We left this morning to see what we could. The first being the nearest town, Rocky Harbour. It is a little town that is spread out around a large harbour. I guess it’s called Rocky Harbour because the harbour is little rocky?
The lighthouse on the point is a Parks Canada site and we got a tour of the quarters as well as a nice display of the history of the area. A buddy of mine from work was born here in Newfoundland, and he’s given us some pointers on what to see and expect here. One thing he mentioned is that we should get used to being called ‘Love’. That didn’t happen when we talked to the young lady manning the lighthouse, but she did call each of us ‘Dearie’ a few times. Maybe the slang has changed since Sted lived here.
We then backtracked a bit to Norris Point on Bonne Bay to check and see if we could pick up tickets for a traditional Newfie music show this evening. It’s being done on a tour boat, and the operators told us that they might have to cancel if the winds come up, so we went to see a local comedy play (firmly based on land) instead. It was called Ed & Ed’s B&B and was playing in a little theatre in Cow Head through the Gros Morne Theatre Festival. It was very funny and we even understood most of the dialogue.
We then travelled on to various viewpoints and stops along the water many of which used to be homesteads or even small communities before the park was set up in the 60’s. In some cases they’ve left the structures behind to demonstrate what life was like before the roads came to the area. And at each site they’ve left the cemeteries in place, and they are well maintained.
At Broom Point they have left the cabin of the Mudge family as well as their boathouse and equipment. Even the family pictures are still on the table, and it’s interesting to see how little life changed for them from the lifestyle of the cod fishermen in the Gaspe in the 1800’s. The only thing different is that they had a one-lung motor to power their dorys.
Our last stop was at Shallow Bay just north of Cow Head which again used to be a small community. This is a nice sandy beach with a great view of the ocean on one side and the mountains on the other, although we didn’t see much of the mountains today.
Shortly after we took these pictures the clouds descended and the mountains were invisible again, and the rain came pouring down. We got soaked. Maybe tomorrow will be better.
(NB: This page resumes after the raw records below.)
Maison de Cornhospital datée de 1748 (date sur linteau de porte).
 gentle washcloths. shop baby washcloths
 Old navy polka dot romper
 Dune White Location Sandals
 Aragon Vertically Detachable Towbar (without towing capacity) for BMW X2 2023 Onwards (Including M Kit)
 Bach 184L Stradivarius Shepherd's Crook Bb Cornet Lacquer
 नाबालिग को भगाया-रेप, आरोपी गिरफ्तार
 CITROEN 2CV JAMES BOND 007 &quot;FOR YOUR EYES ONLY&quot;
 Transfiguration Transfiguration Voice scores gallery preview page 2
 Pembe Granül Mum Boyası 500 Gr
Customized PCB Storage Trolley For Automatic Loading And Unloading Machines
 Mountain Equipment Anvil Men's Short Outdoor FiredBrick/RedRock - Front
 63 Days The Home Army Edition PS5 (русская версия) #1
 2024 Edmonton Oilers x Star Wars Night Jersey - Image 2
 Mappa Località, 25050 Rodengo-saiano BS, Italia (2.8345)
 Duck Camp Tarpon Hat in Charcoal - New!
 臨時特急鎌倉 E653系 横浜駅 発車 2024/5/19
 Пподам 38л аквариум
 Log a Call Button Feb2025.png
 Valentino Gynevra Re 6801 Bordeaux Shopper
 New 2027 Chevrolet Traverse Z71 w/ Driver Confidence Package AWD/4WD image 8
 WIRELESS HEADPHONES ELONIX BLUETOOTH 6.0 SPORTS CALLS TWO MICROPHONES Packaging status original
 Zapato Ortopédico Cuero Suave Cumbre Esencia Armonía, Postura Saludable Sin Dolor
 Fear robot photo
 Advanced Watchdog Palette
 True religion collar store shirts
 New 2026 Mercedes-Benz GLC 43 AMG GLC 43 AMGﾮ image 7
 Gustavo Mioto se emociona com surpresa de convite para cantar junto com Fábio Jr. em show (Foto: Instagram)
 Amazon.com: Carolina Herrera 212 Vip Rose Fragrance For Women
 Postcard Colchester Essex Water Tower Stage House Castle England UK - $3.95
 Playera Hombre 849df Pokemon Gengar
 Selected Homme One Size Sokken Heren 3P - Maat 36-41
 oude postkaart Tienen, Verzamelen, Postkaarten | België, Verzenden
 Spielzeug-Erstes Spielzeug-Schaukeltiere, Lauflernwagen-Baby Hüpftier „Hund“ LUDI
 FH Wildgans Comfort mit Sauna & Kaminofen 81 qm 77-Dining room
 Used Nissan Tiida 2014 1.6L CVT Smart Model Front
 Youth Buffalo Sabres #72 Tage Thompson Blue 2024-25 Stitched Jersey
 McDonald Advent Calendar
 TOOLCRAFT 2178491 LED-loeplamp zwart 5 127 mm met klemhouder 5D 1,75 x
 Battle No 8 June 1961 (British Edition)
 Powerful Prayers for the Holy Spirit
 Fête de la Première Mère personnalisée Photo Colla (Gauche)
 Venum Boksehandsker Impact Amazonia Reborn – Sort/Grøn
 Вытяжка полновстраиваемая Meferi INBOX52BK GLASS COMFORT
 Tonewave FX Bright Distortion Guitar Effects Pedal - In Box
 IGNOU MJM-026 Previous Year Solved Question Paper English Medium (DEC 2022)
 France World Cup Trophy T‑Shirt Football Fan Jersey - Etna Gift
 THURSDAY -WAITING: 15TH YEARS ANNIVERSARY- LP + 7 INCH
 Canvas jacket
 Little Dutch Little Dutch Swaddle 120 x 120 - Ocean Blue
PS: Our moose count is up to 4 including one tonight on the way back from the play. The Semi trucks in this area run with additional lights on the top of the cab. They look like a 747 coming down the road, and have monstrous crash bars mounted in front of their grilles. No reason to wonder why, Moose are Huge, and dumb I’ve been told. They have a sign posted just before the park announcing that the count for Moose/Vehicle crashes is up to 19 this year. From the looks of one truck we saw, nobody won those confrontations.